The results of this study do not indicate any big constraint for the tiger prey-base monitoring being conducted in Bardyia National Park. As the body mass of ungulate species such as the wild boar, hog deer, chital deer, swamp deer, and sambar deer (main tiger-prey species) is comparable and most likely higher than the goat used in the experimental setup, I predict detection success rates above 70%. Yet some of these species prefer habitats with dense understory which may require a more cautious analysis to avoid underestimations of certain species.

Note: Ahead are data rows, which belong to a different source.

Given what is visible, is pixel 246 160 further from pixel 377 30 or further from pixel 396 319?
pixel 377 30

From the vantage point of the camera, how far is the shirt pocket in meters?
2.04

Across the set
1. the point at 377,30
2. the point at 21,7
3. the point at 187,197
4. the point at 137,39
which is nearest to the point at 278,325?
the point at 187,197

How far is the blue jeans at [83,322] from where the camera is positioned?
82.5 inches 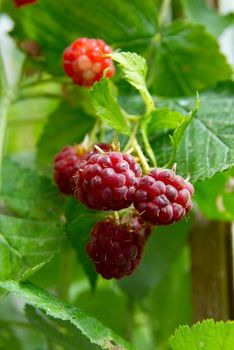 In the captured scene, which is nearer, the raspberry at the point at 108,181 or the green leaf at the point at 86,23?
the raspberry at the point at 108,181

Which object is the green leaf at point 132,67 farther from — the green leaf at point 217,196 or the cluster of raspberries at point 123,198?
the green leaf at point 217,196

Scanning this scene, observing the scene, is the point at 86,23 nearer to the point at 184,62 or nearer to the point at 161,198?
the point at 184,62

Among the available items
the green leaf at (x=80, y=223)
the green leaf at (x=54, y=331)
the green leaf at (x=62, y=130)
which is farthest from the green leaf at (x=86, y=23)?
the green leaf at (x=54, y=331)

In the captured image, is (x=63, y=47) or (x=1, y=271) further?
(x=63, y=47)

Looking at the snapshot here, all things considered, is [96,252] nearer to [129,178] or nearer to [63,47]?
[129,178]

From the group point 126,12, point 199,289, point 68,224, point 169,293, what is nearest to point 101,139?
point 68,224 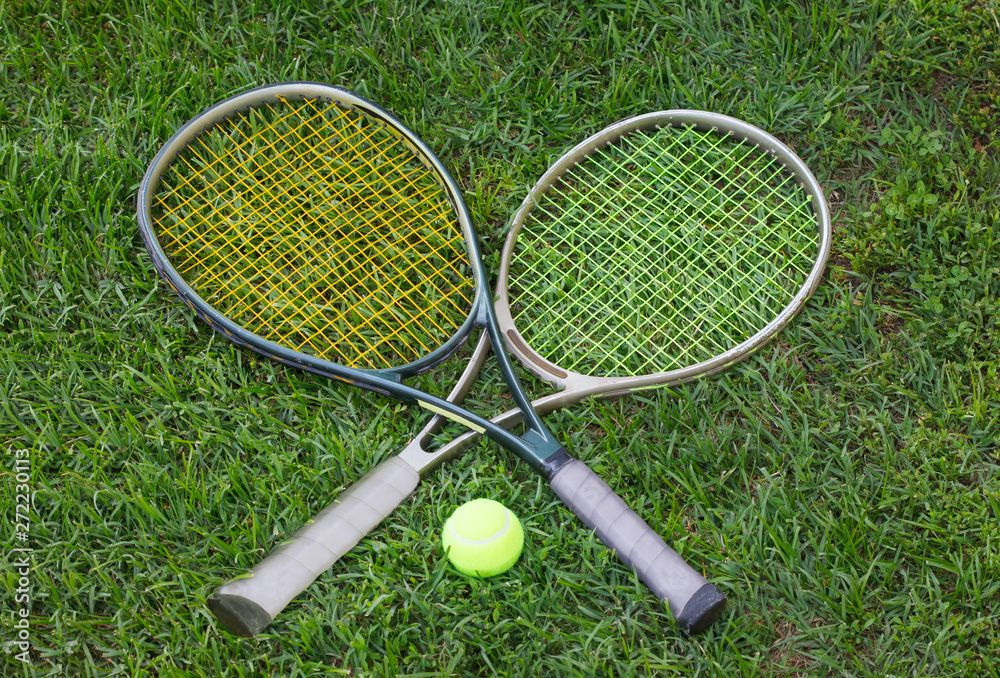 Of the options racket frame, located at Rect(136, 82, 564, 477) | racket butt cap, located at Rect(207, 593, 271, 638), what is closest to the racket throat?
racket frame, located at Rect(136, 82, 564, 477)

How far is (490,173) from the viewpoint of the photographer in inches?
127

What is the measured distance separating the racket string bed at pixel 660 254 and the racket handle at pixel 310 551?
2.27ft

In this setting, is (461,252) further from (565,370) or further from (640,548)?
(640,548)

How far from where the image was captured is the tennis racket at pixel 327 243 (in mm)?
2707

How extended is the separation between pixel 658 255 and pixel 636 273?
11 cm

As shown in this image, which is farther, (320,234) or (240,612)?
(320,234)

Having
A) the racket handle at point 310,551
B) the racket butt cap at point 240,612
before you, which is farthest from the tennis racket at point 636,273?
the racket butt cap at point 240,612

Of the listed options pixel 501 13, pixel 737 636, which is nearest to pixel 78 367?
pixel 501 13

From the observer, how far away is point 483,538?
2.52m

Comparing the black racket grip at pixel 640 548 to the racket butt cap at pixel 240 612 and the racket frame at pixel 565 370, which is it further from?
the racket butt cap at pixel 240 612

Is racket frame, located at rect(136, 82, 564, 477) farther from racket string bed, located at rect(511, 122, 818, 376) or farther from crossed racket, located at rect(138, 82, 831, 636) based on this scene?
racket string bed, located at rect(511, 122, 818, 376)

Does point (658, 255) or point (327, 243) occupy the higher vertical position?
point (327, 243)

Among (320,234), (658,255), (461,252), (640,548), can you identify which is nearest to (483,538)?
(640,548)

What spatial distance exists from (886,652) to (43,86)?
3.79 metres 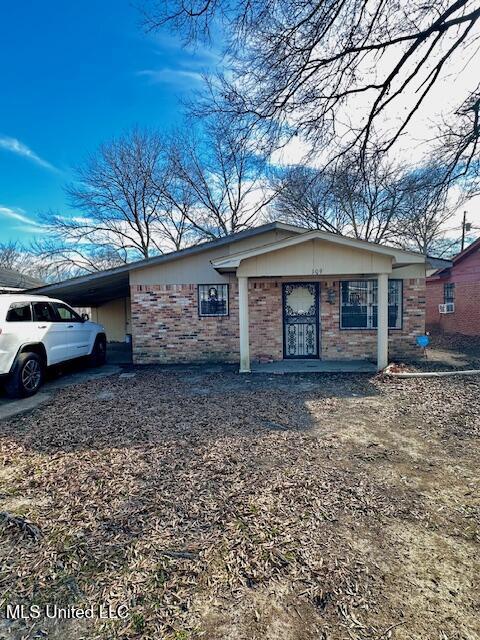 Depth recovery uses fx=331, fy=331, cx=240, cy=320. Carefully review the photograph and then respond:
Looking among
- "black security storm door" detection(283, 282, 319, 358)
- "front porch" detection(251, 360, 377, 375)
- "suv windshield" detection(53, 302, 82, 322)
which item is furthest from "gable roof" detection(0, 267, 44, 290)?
"black security storm door" detection(283, 282, 319, 358)

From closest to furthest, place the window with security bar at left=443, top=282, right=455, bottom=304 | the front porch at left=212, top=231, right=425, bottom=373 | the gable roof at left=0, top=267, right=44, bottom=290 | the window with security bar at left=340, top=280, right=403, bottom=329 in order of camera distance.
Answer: the front porch at left=212, top=231, right=425, bottom=373, the window with security bar at left=340, top=280, right=403, bottom=329, the gable roof at left=0, top=267, right=44, bottom=290, the window with security bar at left=443, top=282, right=455, bottom=304

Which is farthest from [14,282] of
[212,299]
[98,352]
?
[212,299]

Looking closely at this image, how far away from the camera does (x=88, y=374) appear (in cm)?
880

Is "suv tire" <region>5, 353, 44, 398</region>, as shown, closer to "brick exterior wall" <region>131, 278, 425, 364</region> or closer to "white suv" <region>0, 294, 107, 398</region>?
"white suv" <region>0, 294, 107, 398</region>

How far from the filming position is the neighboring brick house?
14.4 meters

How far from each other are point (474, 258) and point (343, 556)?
15.9 m

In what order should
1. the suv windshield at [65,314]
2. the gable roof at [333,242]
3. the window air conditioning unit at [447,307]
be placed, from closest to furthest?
the gable roof at [333,242]
the suv windshield at [65,314]
the window air conditioning unit at [447,307]

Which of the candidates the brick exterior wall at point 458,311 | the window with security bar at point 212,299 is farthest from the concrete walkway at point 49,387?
the brick exterior wall at point 458,311

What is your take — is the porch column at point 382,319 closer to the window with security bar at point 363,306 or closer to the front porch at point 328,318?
the front porch at point 328,318

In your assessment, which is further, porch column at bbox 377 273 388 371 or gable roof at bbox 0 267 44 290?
gable roof at bbox 0 267 44 290

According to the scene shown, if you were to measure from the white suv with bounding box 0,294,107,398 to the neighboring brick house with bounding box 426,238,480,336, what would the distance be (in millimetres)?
13188

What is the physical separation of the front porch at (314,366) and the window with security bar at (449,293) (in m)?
9.62

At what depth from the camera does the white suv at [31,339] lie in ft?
19.8

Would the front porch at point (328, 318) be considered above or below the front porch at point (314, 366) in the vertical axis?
above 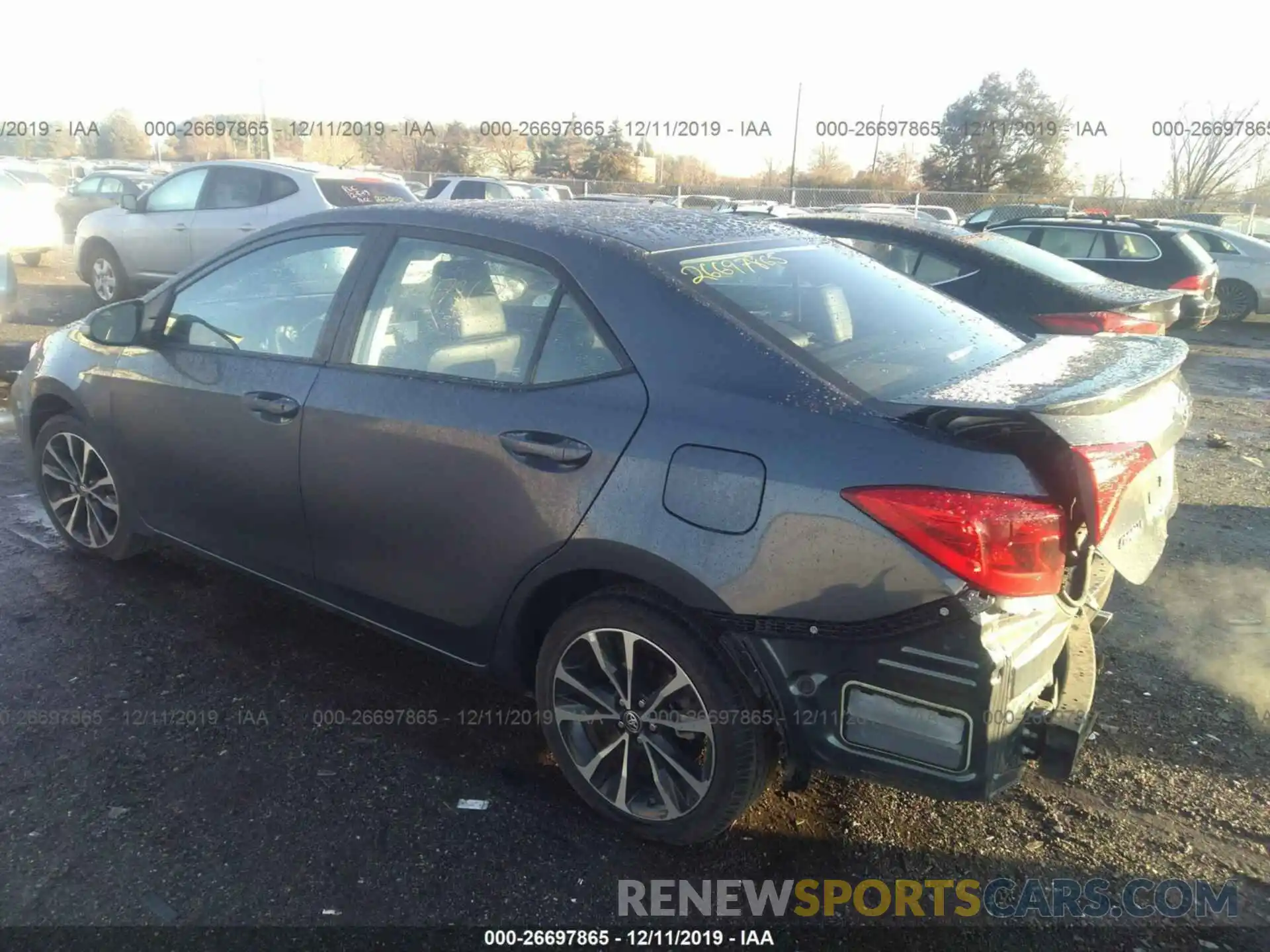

In the wider context of vertical camera trapping studies I would recommend that camera deployment heights should increase depending on the target species’ size and speed since this would increase the time of exposure to the sensor and maximize detection chances. I also recommend the use of data subsets from cooler periods (colder season or night-time) as an alternative in climates characterized by high temperatures.
From Bardyia to the world
The study demonstrated that by using controlled experiments and corroborating field data we can derive new insights not only into the vertical camera setup of Bardyia National Park but into many other camera trapping studies worldwide. It revealed several somewhat hidden detection patterns in vertical camera trapping, which enable us to take a critical look at the outputs. Once we understand these detection preconceptions we can correct for their influence. Further empirical research in vertical camera trapping is needed to accurately assess how these confounding factors quantitatively affect camera performance and finally be able to make the corrections needed.
In the wake of the technological revolution of the 21st century tools like camera traps will have an ever-increasing importance in wildlife monitoring. In envisioning accurate wildlife density estimations it is important to strive for technological advance as well as a better understanding of the possible shortcomings of these modern tools. Machines have been shown to outperform humans in various tasks but their outcomes still need to be looked at critically.
The present study and many others were only possible thanks to the cooperation between the National Trust for Nature Conservation, Wageningen University & Research and the Himalayan Tiger Foundation, which enabled more informed decision-making about wildlife monitoring and confirmed the position of Bardyia National Park as being at the forefront of wildlife research.